(ABOUT THIS EXERCISE) From the first line of the data through the line containing "Used Tesla Model", return each line exactly.

BEGIN PROVIDED INFORMATION

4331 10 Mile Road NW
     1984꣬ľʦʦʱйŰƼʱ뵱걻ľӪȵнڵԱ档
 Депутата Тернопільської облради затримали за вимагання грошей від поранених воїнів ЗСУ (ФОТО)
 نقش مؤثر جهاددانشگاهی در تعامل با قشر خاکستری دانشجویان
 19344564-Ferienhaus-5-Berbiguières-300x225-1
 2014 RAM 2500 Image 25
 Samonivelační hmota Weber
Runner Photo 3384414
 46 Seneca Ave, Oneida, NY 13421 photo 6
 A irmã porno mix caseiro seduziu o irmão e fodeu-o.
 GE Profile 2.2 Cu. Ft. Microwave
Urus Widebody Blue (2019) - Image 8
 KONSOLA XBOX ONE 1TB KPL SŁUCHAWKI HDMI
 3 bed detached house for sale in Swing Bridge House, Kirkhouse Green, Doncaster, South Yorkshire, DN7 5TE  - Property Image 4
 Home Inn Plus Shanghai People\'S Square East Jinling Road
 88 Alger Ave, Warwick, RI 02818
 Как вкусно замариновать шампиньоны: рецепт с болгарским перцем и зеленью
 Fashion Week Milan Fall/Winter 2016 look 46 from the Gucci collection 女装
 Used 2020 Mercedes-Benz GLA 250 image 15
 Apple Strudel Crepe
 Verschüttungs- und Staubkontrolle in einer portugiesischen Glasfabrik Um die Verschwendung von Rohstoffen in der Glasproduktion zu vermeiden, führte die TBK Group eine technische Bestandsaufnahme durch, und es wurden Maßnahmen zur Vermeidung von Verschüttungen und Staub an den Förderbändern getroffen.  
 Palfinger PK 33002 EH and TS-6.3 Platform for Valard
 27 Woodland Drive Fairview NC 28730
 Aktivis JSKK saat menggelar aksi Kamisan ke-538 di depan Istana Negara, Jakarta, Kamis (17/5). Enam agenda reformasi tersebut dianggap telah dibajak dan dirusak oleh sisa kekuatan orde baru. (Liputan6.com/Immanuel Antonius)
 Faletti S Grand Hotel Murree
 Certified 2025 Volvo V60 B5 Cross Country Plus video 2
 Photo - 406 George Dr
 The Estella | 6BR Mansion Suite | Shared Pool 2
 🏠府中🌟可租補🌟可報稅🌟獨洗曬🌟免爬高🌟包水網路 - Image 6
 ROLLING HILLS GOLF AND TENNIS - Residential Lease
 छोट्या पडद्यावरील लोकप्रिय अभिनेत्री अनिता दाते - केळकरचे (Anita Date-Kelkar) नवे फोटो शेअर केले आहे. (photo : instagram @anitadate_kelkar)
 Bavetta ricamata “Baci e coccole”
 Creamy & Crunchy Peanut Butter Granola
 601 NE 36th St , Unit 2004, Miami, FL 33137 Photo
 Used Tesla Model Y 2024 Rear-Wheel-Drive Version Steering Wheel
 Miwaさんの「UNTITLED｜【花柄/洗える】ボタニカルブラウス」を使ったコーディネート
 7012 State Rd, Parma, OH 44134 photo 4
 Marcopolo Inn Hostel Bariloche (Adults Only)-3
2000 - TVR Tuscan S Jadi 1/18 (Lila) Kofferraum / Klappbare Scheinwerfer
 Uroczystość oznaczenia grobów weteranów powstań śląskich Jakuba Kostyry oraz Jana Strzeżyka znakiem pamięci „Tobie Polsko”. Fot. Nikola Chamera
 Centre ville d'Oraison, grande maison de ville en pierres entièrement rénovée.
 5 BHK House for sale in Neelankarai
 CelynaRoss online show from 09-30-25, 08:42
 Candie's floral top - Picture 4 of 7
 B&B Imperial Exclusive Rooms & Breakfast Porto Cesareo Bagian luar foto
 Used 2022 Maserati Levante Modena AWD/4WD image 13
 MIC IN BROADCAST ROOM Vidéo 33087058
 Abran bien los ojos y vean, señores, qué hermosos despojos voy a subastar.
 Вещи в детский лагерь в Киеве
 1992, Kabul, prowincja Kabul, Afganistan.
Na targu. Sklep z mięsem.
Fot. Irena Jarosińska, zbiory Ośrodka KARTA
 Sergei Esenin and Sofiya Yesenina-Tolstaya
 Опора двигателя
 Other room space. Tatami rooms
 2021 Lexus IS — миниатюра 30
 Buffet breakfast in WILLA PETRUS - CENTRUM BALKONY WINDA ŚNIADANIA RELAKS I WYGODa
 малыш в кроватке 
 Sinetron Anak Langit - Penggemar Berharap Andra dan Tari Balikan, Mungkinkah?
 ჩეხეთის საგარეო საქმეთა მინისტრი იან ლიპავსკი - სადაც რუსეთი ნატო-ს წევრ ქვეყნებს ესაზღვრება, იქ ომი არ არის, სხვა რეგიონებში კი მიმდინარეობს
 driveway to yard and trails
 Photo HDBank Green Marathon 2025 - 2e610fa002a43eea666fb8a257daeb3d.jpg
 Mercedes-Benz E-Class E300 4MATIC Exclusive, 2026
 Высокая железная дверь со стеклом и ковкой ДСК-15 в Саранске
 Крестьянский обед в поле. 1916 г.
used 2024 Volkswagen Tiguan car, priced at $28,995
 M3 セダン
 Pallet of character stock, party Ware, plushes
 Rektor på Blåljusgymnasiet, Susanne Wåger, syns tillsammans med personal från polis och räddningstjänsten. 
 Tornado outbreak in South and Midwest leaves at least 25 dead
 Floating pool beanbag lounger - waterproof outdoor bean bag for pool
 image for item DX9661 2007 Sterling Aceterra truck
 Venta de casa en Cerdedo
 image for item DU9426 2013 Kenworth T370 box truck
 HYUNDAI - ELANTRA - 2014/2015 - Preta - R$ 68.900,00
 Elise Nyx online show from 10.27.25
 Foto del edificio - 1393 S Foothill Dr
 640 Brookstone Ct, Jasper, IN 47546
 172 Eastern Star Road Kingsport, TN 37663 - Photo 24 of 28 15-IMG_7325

END PROVIDED INFORMATION

(TASK RESULT)
4331 10 Mile Road NW
     1984꣬ľʦʦʱйŰƼʱ뵱걻ľӪȵнڵԱ档
 Депутата Тернопільської облради затримали за вимагання грошей від поранених воїнів ЗСУ (ФОТО)
 نقش مؤثر جهاددانشگاهی در تعامل با قشر خاکستری دانشجویان
 19344564-Ferienhaus-5-Berbiguières-300x225-1
 2014 RAM 2500 Image 25
 Samonivelační hmota Weber
Runner Photo 3384414
 46 Seneca Ave, Oneida, NY 13421 photo 6
 A irmã porno mix caseiro seduziu o irmão e fodeu-o.
 GE Profile 2.2 Cu. Ft. Microwave
Urus Widebody Blue (2019) - Image 8
 KONSOLA XBOX ONE 1TB KPL SŁUCHAWKI HDMI
 3 bed detached house for sale in Swing Bridge House, Kirkhouse Green, Doncaster, South Yorkshire, DN7 5TE  - Property Image 4
 Home Inn Plus Shanghai People\'S Square East Jinling Road
 88 Alger Ave, Warwick, RI 02818
 Как вкусно замариновать шампиньоны: рецепт с болгарским перцем и зеленью
 Fashion Week Milan Fall/Winter 2016 look 46 from the Gucci collection 女装
 Used 2020 Mercedes-Benz GLA 250 image 15
 Apple Strudel Crepe
 Verschüttungs- und Staubkontrolle in einer portugiesischen Glasfabrik Um die Verschwendung von Rohstoffen in der Glasproduktion zu vermeiden, führte die TBK Group eine technische Bestandsaufnahme durch, und es wurden Maßnahmen zur Vermeidung von Verschüttungen und Staub an den Förderbändern getroffen.  
 Palfinger PK 33002 EH and TS-6.3 Platform for Valard
 27 Woodland Drive Fairview NC 28730
 Aktivis JSKK saat menggelar aksi Kamisan ke-538 di depan Istana Negara, Jakarta, Kamis (17/5). Enam agenda reformasi tersebut dianggap telah dibajak dan dirusak oleh sisa kekuatan orde baru. (Liputan6.com/Immanuel Antonius)
 Faletti S Grand Hotel Murree
 Certified 2025 Volvo V60 B5 Cross Country Plus video 2
 Photo - 406 George Dr
 The Estella | 6BR Mansion Suite | Shared Pool 2
 🏠府中🌟可租補🌟可報稅🌟獨洗曬🌟免爬高🌟包水網路 - Image 6
 ROLLING HILLS GOLF AND TENNIS - Residential Lease
 छोट्या पडद्यावरील लोकप्रिय अभिनेत्री अनिता दाते - केळकरचे (Anita Date-Kelkar) नवे फोटो शेअर केले आहे. (photo : instagram @anitadate_kelkar)
 Bavetta ricamata “Baci e coccole”
 Creamy & Crunchy Peanut Butter Granola
 601 NE 36th St , Unit 2004, Miami, FL 33137 Photo
 Used Tesla Model Y 2024 Rear-Wheel-Drive Version Steering Wheel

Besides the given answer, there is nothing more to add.